● WHAT YOU ARE ASKED TO DO:
Please restate word for word each line from the one containing "Live cam show with Alice - Mature on Camsoda" to the last line of the records below, and drop the pictures.

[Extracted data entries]

═══

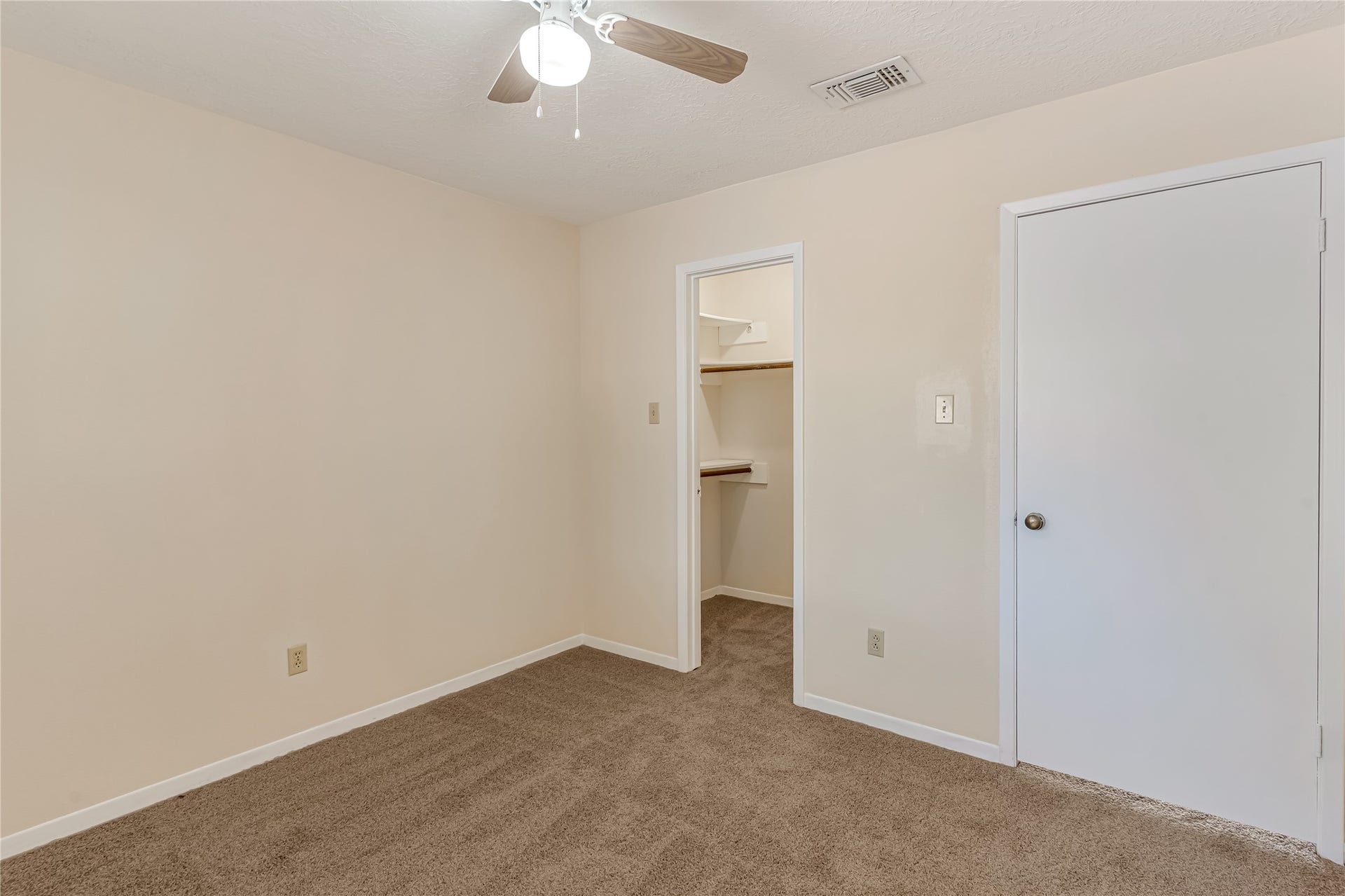 3727 Village Grove Drive, Humble, TX 77396 All guest bedrooms offer generous space and walk-in closets, providing comfort, functionality, and plenty of storage. Fresh paint, new carpet, and updated light fixtures give each room a clean, refreshed feel. These inviting spaces are ready to accommodate your lifestyle, whether you need restful retreats, guest accommodations, or a home office.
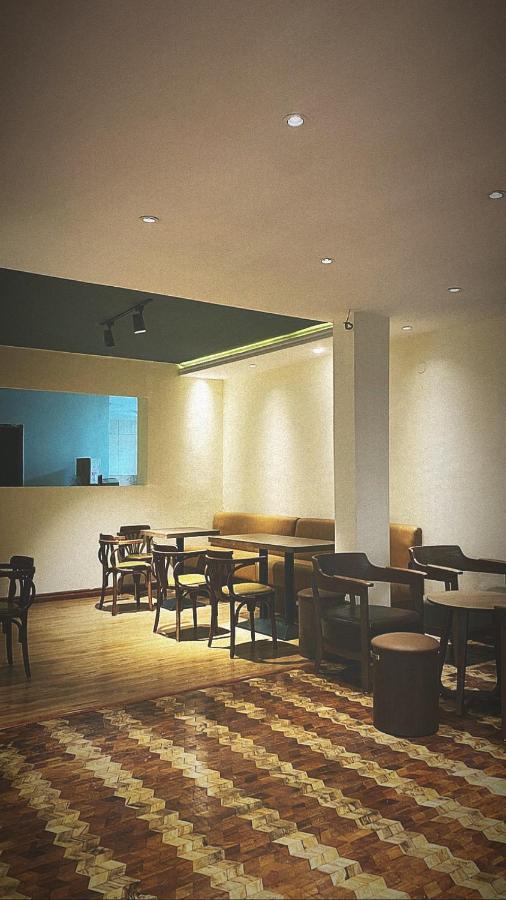 Social House Bed and Breakfast Addis Abeba Buitenkant foto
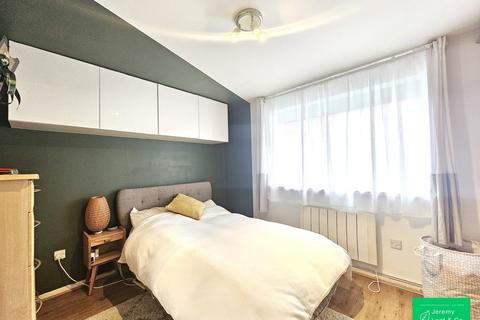 Flat 3, 7 Blackdown Close, London, N2 8JF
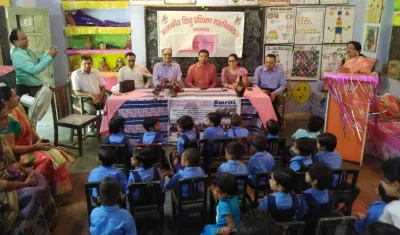 बच्चों और किशोरियों को शिक्षण सामग्री और उपहार देकर मनाई दिवाली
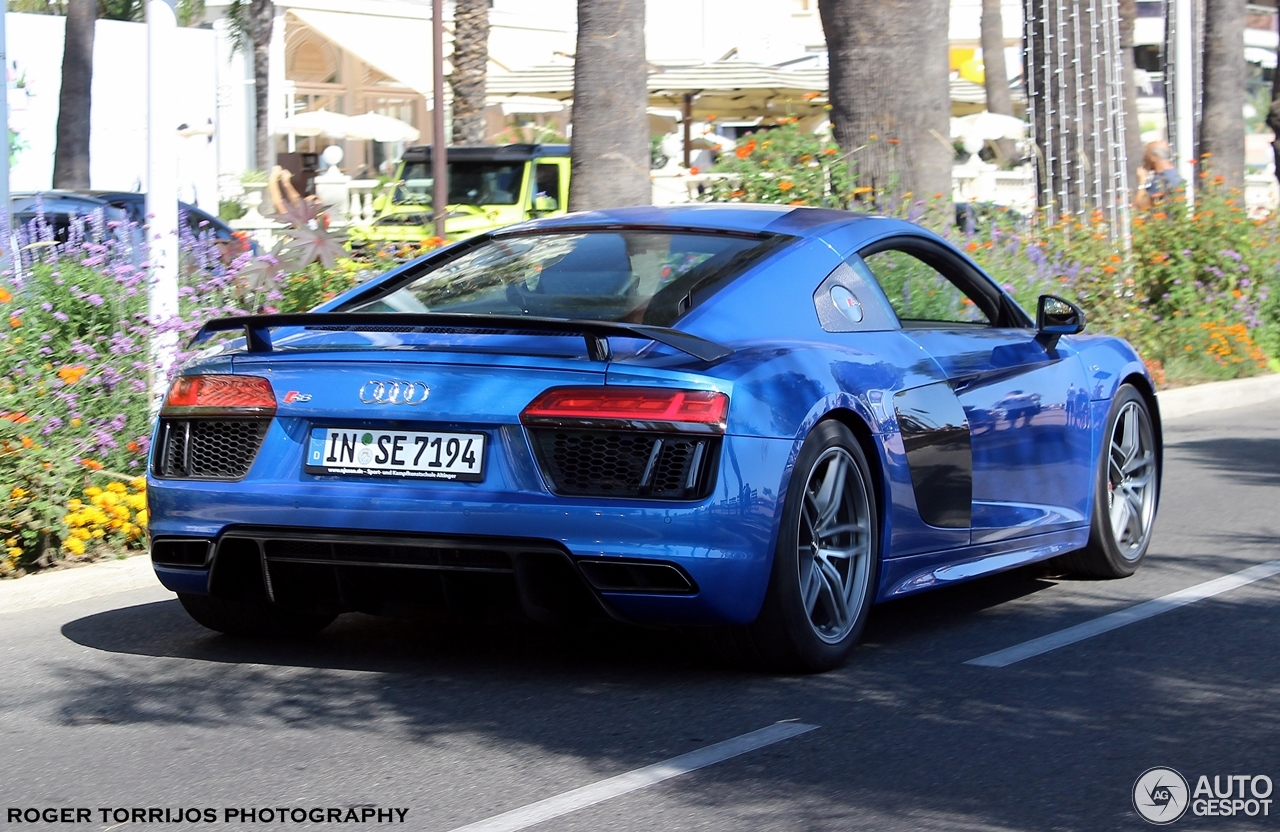 Audi R8 V10 Plus 2015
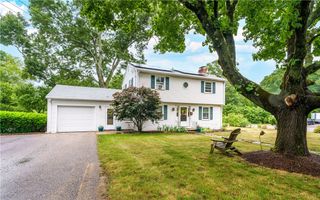66 Oakdale Road, North Kingstown, RI 02852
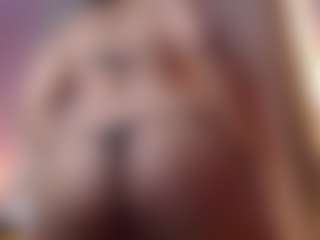 Live cam show with Alice - Mature on Camsoda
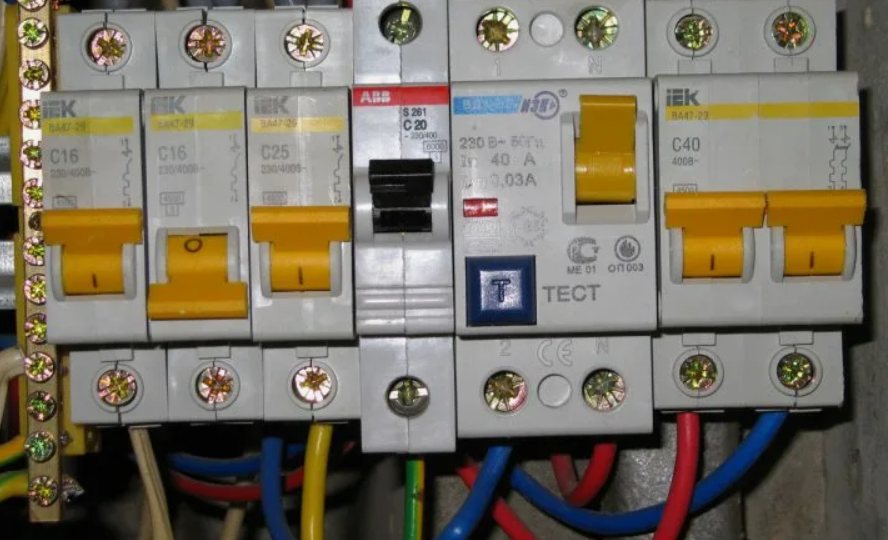 Почему УЗО должно быть номиналом выше вводного автомата: физика, логика и ваша безопасность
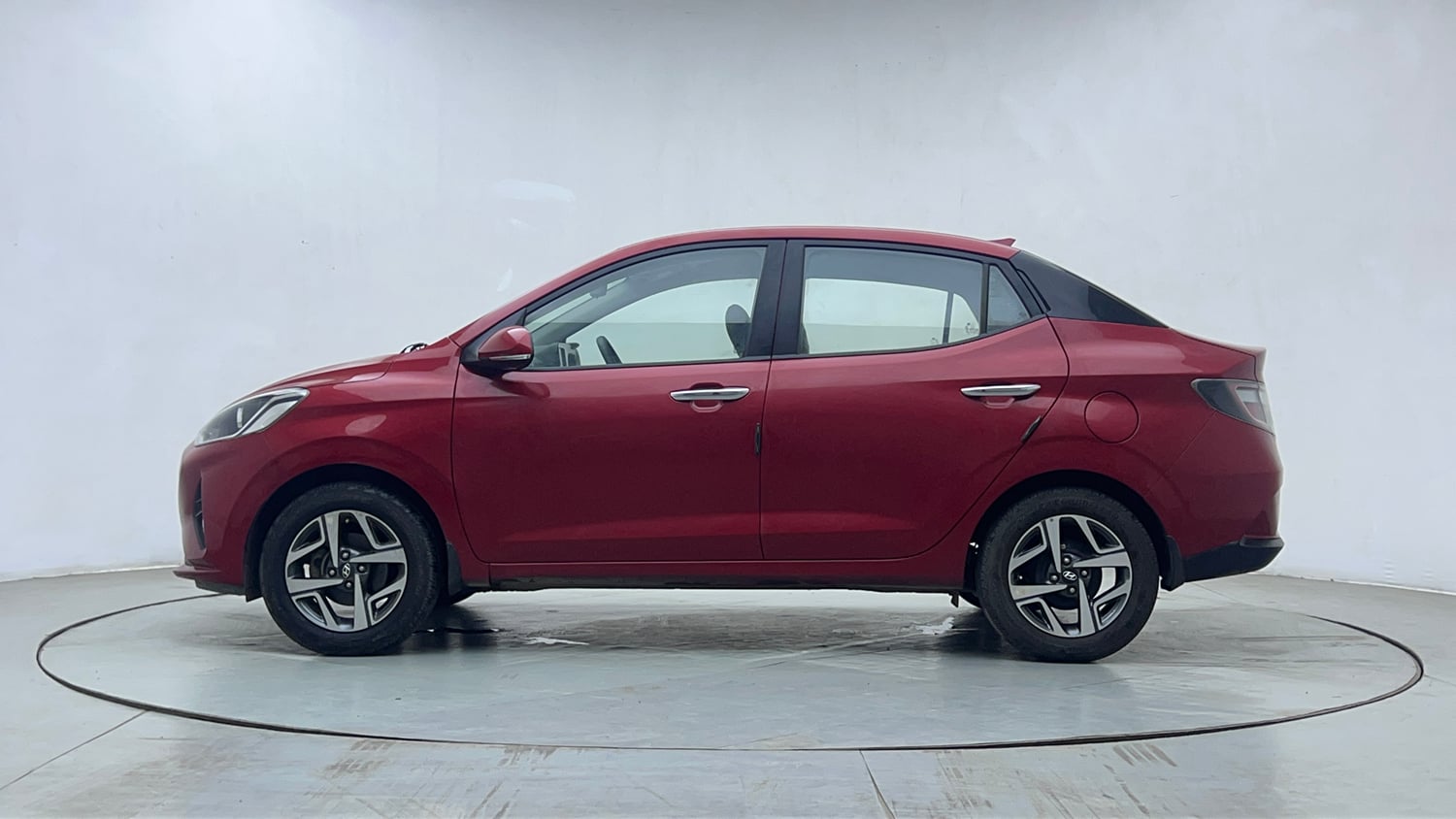 Used 2021 Hyundai Aura SX Plus 1.2 AMT Petrol Petrol Automatic exterior LEFT SIDE VIEW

═══

● ANSWER FOR THIS EXERCISE:
 Live cam show with Alice - Mature on Camsoda
 Почему УЗО должно быть номиналом выше вводного автомата: физика, логика и ваша безопасность
 Used 2021 Hyundai Aura SX Plus 1.2 AMT Petrol Petrol Automatic exterior LEFT SIDE VIEW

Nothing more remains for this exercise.